But, while acknowledging all of the positive value of the national in Christianity, we should not lapse into idealization of history. Seeing light, we should not shut our eyes before shadows. The path of the Church in the world, in earth’s history, is never an idyll and requires untiring effort and tautness of Church consciousness. No formula can save on its own, neither a universal empire, nor Holy Russia, nor the “symphony” of Church and government, and each of these must constantly be filled with living truth and not with just theoretical correctness. Just as the Byzantine “symphony” ideal of Church and state in practice too frequently turned into simple submission of the Church to the state, so did this new national path, with its shadowy side, involve the submissionof the Church to the national, rather than its enlightenment.

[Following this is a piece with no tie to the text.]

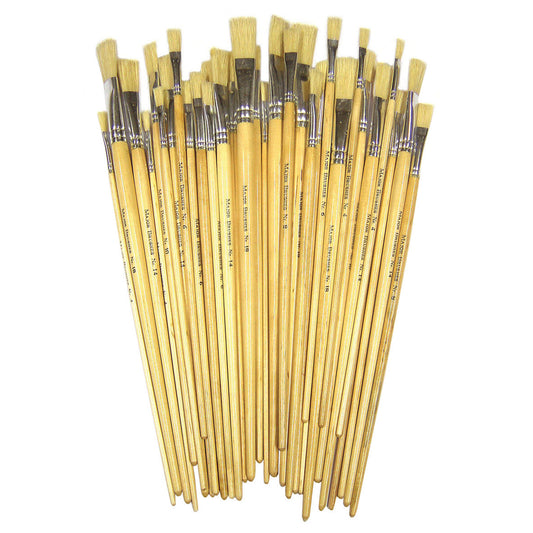 Hog Hair Flat Long Handled Paint Brush Set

The danger of nationalism lies in the subconsciously occurring change in the hierarchy of values, when it is no longer people who are serving the Christian truth and measure themselves and their life accordingly, but, instead, Christianity itself and the Church start being measured and evaluated from the viewpoint of their “contributions” to the people, the native land, the state, and so on. In our day, alas, many seem to think that it is perfectly natural that almost the right of the Church to exist is justified by its national and governmental contributions, its “utilitarian” value. When speaking about Holy Russia it is often forgotten that for ancient Rus’, which had brought out this ideal, national existence was valued not just in itself, but only to the extent that it served Christian Truth, protecting it from the “faithless,” preserving the true faith, incarnating it culturally, socially, etc. In other words the genuine formula of this religio-national ideal is precisely the opposite of the one which was glorified by one of the major Russian hierarchs in the Soviet Union when he said, “The Church was always with its people.” But for the ideologists and thinkers of ancient Rus’ the people’s value was precisely in that they were always with the Church. And nowhere as specifically as in this sphere of the national, where the voice of blood and of elemental and unenlightened feelings and emotions was so strong, do we need a “standing on guard” and discernment of spirits – are they from God or not?

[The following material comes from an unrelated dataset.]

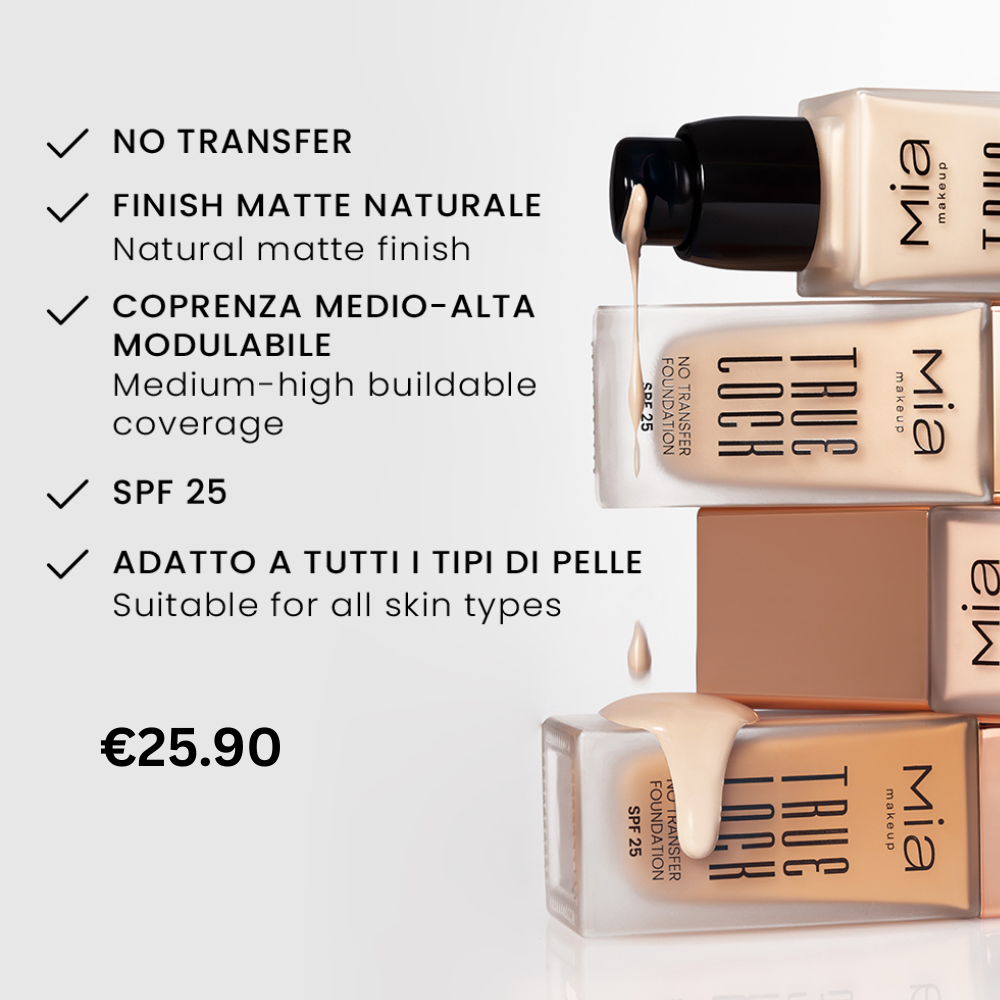 MIA MAKE UP – TRUE LOCK LONG LASTING NO TRANSFER FOUNDATION SPF25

6. The Collapse of Universal Consciousness
Meanwhile, if the “churching” of the new nations introduced so many bright and holy pages into Church history, it likewise cannot be denied that simultaneously the collapse of universal consciousness began in Orthodoxy. And this happened precisely because the issue of Church structure in this era was presented not only ecclesiastically, but in a political and national manner. The chief aim of each nation-state became the acquisition of autocephaly at any cost, which was seen as the independence of a given national Church from the old Eastern centers, and first of all from Constantinople. We repeat that this is not a matter of accusing or defending someone. We can hardly deny that at the basis of this lamentable process lies, first of all, the degeneration of Byzantine universalism itself into Greek nationalism. It is important to understand that this equating of the meanings of the terms autocephalyand independence is a typical phenomenon of that new spirit which appeared at that time in the Church and which demonstrates that ecclesiastical consciousness started being determined by a nation-state orientation instead of itself being its determinant and enlightener. National and political categories were unwittingly carried over into Church structure, and the awareness that not they but the Church’s essence itself, as an organism of both God and man, determines the forms of Church structure, was weakened.
The early Church had a very strong awareness of its independence and freedom from the world, and an awareness that it was a new people, the people of God gathered from all nations into a new unity. And precisely for this reason, as we have already seen, the only principle of its structure was the territorial principle. Each church, no matter where it was and no matter who was in it, was, first of all, a joyous occurrence of these new people united in Christ.
And thus relations within the Church were foreign to any juridical formalism, being built “according to Christ, not according to the elements of this world.” In a certain sense each local church was “autocephalous,” it recognized in the deepest way its “dependence” upon all of the other churches making up the one Body of Christ. In our day there are many arguments about “interference” and “non-interference” of one church in the affairs of another. But if, for instance, St. Ignatius of Antioch would have been told that by writing his letters to the churches of Asia Minor he was “interfering” in their internal affairs, he would not have understood this language. For him the unity of the Church body, in which mutual joy and suffering were shared among all members, was self-evident. For this reason the term “autocephaly,” in its initial meaning, indicates just the specific form of the incarnation of that same territorial principle. It is the regulating form of connection between Churches and in no way is it a principle of division of the Church into units that are absolute in their juridical “independence.” The Church never divides, it always unites. It is not a federation of “independent” units, but an organism founded on communion of all of its members to Christ. Its unity is always from above, from God, and never from below, from the world and its values. It is sad to see how in our days “autocephaly,” which is frequently understood juridically, is perceived as some kind of form self-defense which churches employ against each other, in prideful self-determination. It is even sadder when relations between churches are thought of in terms of international law.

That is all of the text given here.